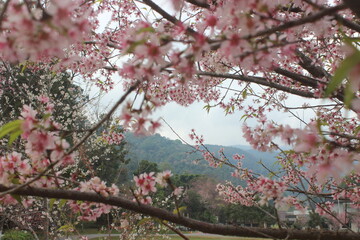 pink cherry blossoms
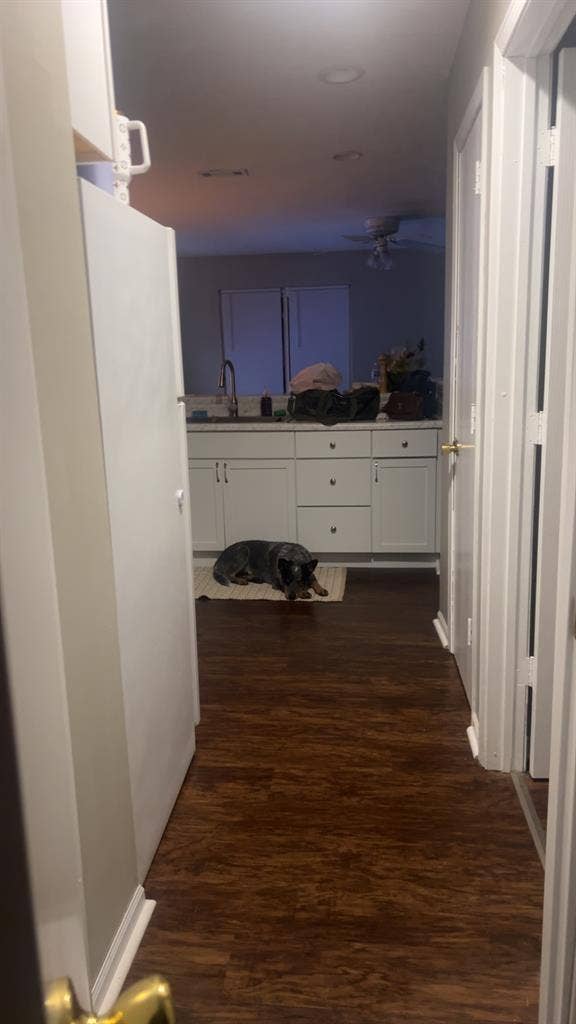 Looking for a roommate.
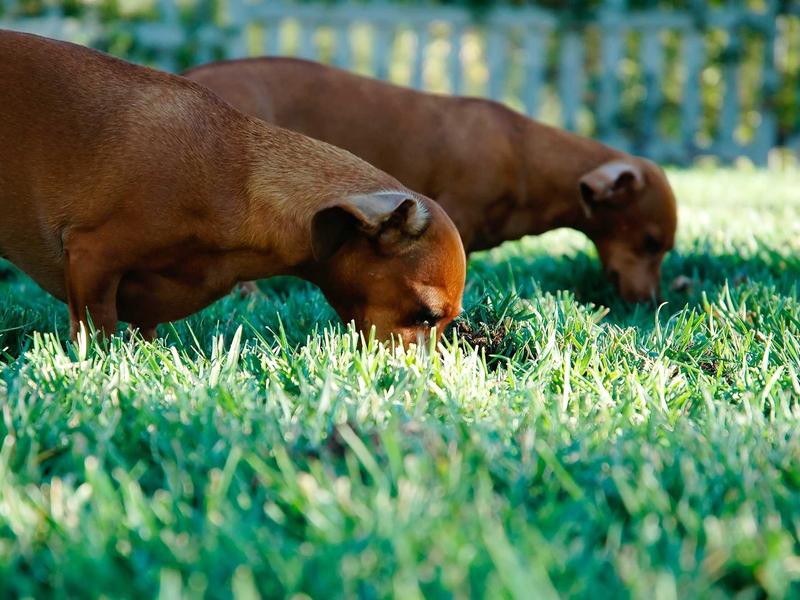 sudoku easy screenshot 4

◆ TASK TO COMPLETE ◆
What is needed is a verbatim copy of the lines running from the one with "Looking for a roommate." through the last line of the listing above, excluding any pictures.

◆ WRITTEN SOLUTION ◆
 Looking for a roommate.
 sudoku easy screenshot 4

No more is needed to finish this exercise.